Japan donates flu medicine Avigan to Estonia

The Japanese government has donated a drug called Avigan (favipiravir) – a flu medicine that some countries are testing whether it can be used to fight against the novel coronavirus – to Estonia.

The Estonian embassy in Japan received the shipment last week, it should arrive in Estonia in the week of 11 May.

“The fact that Estonia is receiving Avigan from Japan is a great example of international cooperation in a crisis,” the Estonian foreign minister, Urmas Reinsalu, said. “I spoke to my Japanese colleague Toshimitsu Motegi on Thursday and thanked him.”

Avigan was developed by the Japanese pharmaceutical company Fujifilm Toyama Chemicals to be used as a flu medicine.

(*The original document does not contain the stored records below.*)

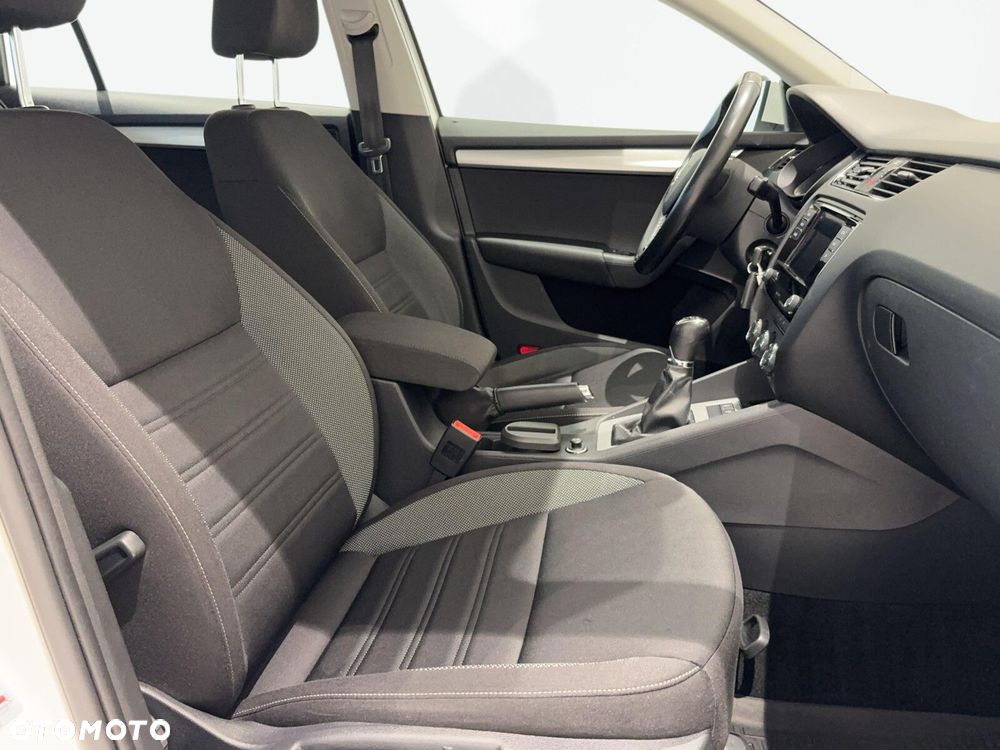Skoda Octavia 1.6 TDI SCR Ambition - 16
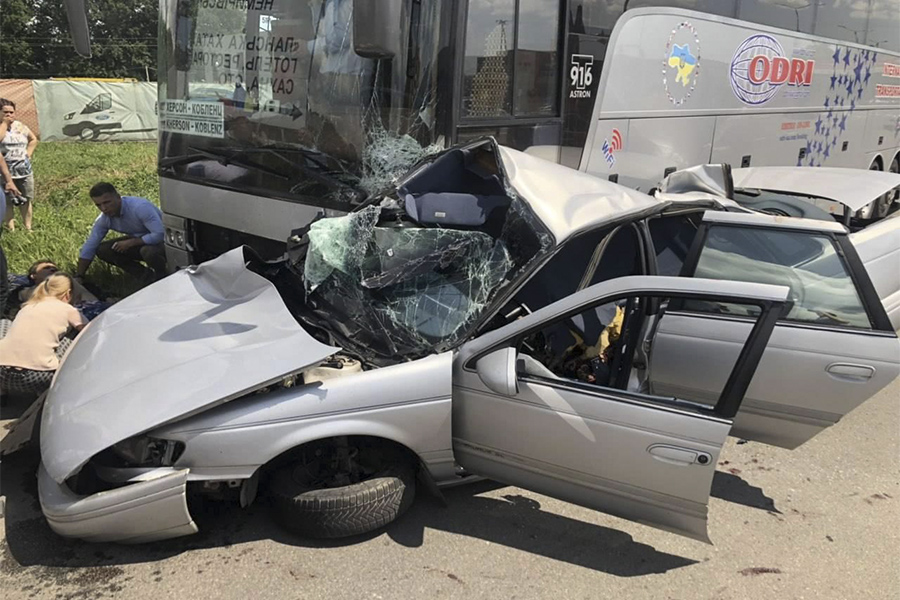 Новини Вінниці / У Вінниці автобус розтрощив легковик, після жахливого ДТП водій опинився у лікарні (ФОТО)  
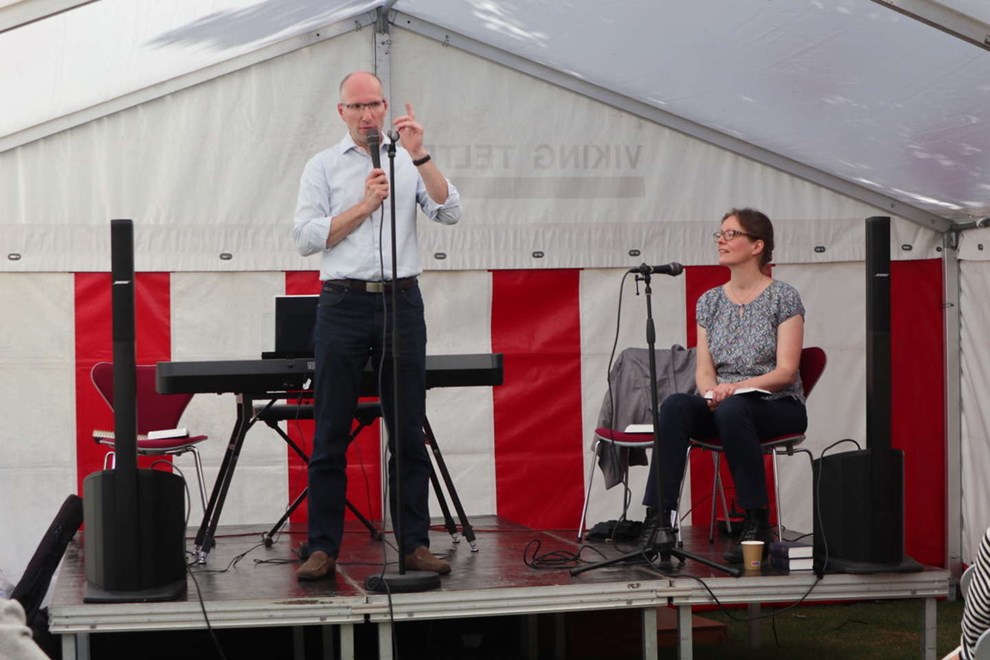 Synger 12 timer i tr�k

After the outbreak of the pandemic, the Estonian foreign ministry, in cooperation with the Estonian Agency of Medicines, started to investigate ways to obtain Avigan for clinical trials to test its possible use for treating COVID-19.

More than 80 countries have submitted applications to Japan for participating in trials and testing the experimental use of Avigan in the treatment of the novel coronavirus.

Japan issued the medicine for free for human trials in the framework of international cooperation, and Estonia is obligated to share the results of its clinical research with Japan.